Now the training accuracy is great, but the validation accuracy does not increase more than 70-75%. After around 75 epochs of training, the validation accuracy stops to increase. This is a symptom of overfitting. To try to fix this we changed the GRU unit size (to reduce the complexity of the model) and introduce two dropout steps: recurrent dropout within the GRU layer, and classic dropout in between the convolutional layers. As we can see in the plot below none of these techniques worked out, but actually, reduce the performance of the model.

### GRU with mouse movement - 12△

Since the bottleneck might still be the training size, we decide to try again our bigger dataset (the one obtained using mouse movements instead of touchpad ones). We study again the accuracy as a function of the training size.

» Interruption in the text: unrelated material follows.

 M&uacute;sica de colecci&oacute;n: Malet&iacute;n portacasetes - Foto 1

Similarly to the touchpad dataset the accuracy hits its maximum at around 500 batches of training. This time it is clear that having more training datapoints does not improve the performance of the model.

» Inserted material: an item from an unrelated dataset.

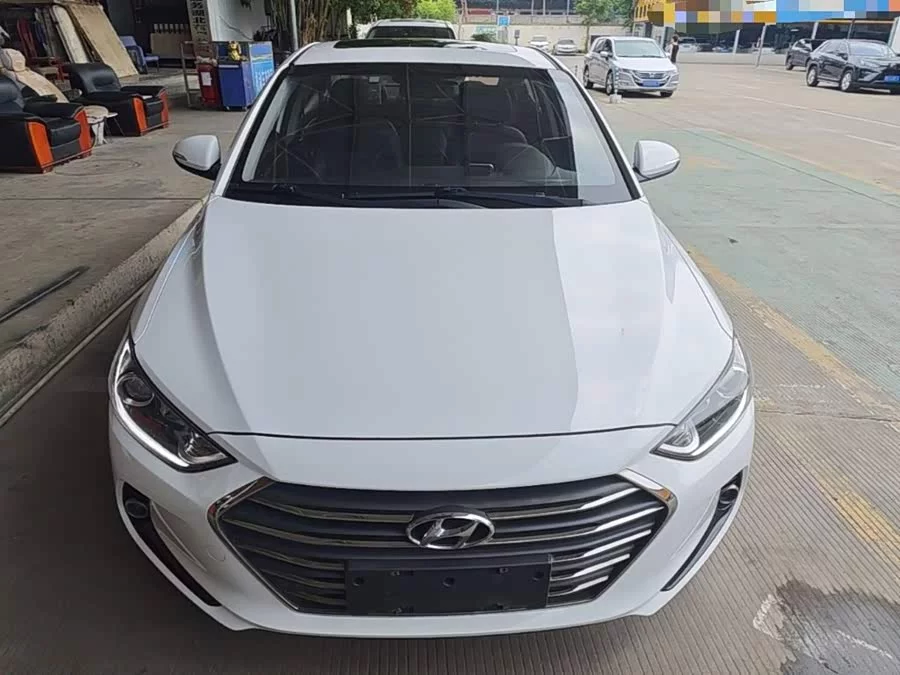 Hyundai elantra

### Training size and regularizers - 13△

In the previous section, we realized that we are not limited by the size of the training data. Using the same training dataset we can try to train our model with bigger batches, which effectively reduces the number of batches available. At the same time it will increase the minimum time required for the model to perform a guess: twice the batch size, twice is the recording time needed. Nevertheless, the accuracy might increase.

On the most left plot, we see how bigger batch size generally corresponds to an improvement of the model performance. The accuracy saturates around a batch size of 500. On the central plot and on the most right one, we test if the amount of training data is enought even for larger batches. The answer is positive since we observe saturation in both cases. With a batch size of 800, we reach a validation accuracy higher than 80%.

Using a batch size of 800 we try to fill the gap between validation accuracy and training accuracy playing with the GRU unit size, the number of convolutional layers and the l1 regularizer within the GRU unit.

None of those methods provide improvements to accuracy. The GRU unit size seems not to affect the accuracy substantially. The number of convolutional layers is relevant, but we were already using 3 of them, which corresponds to the best performance. The l1 regularization technique seems detrimental, always reducing the validation accuracy.